How to configure caching headers on Netlify
Introduction
Caching is one of the biggest performance wins you can get on the web, but it’s also one of the easiest things to get wrong. Cache too aggressively and users see stale content. Cache too little and you lose most of the benefit of a CDN.
Netlify gives you fine-grained control over HTTP headers so you can tune caching behavior exactly the way your site needs. In this guide, you’ll learn how Netlify headers work, how to configure them, and how to apply sensible caching strategies for common use cases.
How Netlify handles caching
Netlify sits in front of your site as a global CDN. By default:
- Static assets like images, JS, and CSS are cached aggressively
- HTML is cached conservatively to avoid serving stale pages
- The CDN respects standard HTTP cache headers
You can override and customize this behavior by defining headers explicitly.
Ways to define headers on Netlify
There are two supported ways to configure headers:
- Using a
_headersfile - Using
netlify.toml
Both approaches are equivalent in terms of capabilities.

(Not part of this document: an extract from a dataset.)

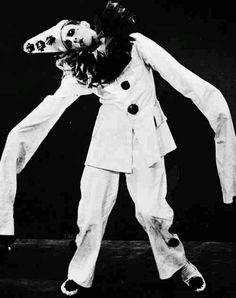 a man in white suit and clown makeup is holding his head with both hands while standing on one leg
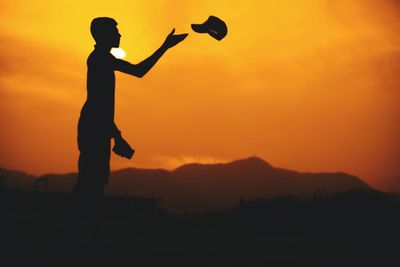 Silhouette man throwing cap against sky at sunset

Choose the one that fits your workflow.
Using the _headers file
The _headers file lives at the root of your published site (usually the build output directory).
Example structure:
/public
|_ index.html
|_ _headers
Basic syntax:
/path
Header-Name: value
Another-Header: value
Example: cache static assets aggressively
/assets/*
Cache-Control: public, max-age=31536000, immutable
This tells browsers and Netlify’s CDN to cache files for one year and never revalidate them.
This works best when filenames include a hash (for example, app.83hd73.js).
Using netlify.toml
If you prefer configuration in code, netlify.toml is usually the better option.
Example:
[[headers]]
for = "/assets/*"
[headers.values]
Cache-Control = "public, max-age=31536000, immutable"
This is especially useful for larger projects or monorepos.
Common caching strategies
HTML pages
HTML usually changes more often than assets, so cache it carefully.
Recommended:
/*
Cache-Control: public, max-age=0, must-revalidate
This ensures users always get fresh HTML while still allowing CDN optimization.
Static assets (JS, CSS, images)
For hashed assets:
/assets/*
Cache-Control: public, max-age=31536000, immutable
For non-hashed assets, lower the cache duration.
API responses
If you’re serving JSON or API-like responses:
/api/*
Cache-Control: public, max-age=60
This allows short-term caching while keeping data reasonably fresh.
Security-related headers
Headers aren’t just for caching. You can also improve security.
Example:
/*
X-Frame-Options: DENY
X-Content-Type-Options: nosniff
Referrer-Policy: strict-origin-when-cross-origin
You can define these alongside caching rules.
Debugging caching issues
If changes don’t appear immediately:
- Check the response headers in your browser’s dev tools
- Verify the file path matches your rule
- Make sure your build output actually includes
_headers - Redeploy the site after changes
Netlify applies headers at deploy time, not dynamically.
When headers don’t apply
Headers won’t apply if:
- The
_headersfile is not in the published directory - The path pattern doesn’t match the requested URL
- Another rule overrides it later in the file
Order matters: more specific rules should come before generic ones.
Final thoughts
Correct caching can drastically improve performance, reliability, and user experience. Netlify gives you powerful tools to control it, without needing custom infrastructure or complex CDN setups.
Once you’re comfortable with headers, you can combine them with redirects, rewrites, and deploy previews to build fast, production-grade sites with confidence.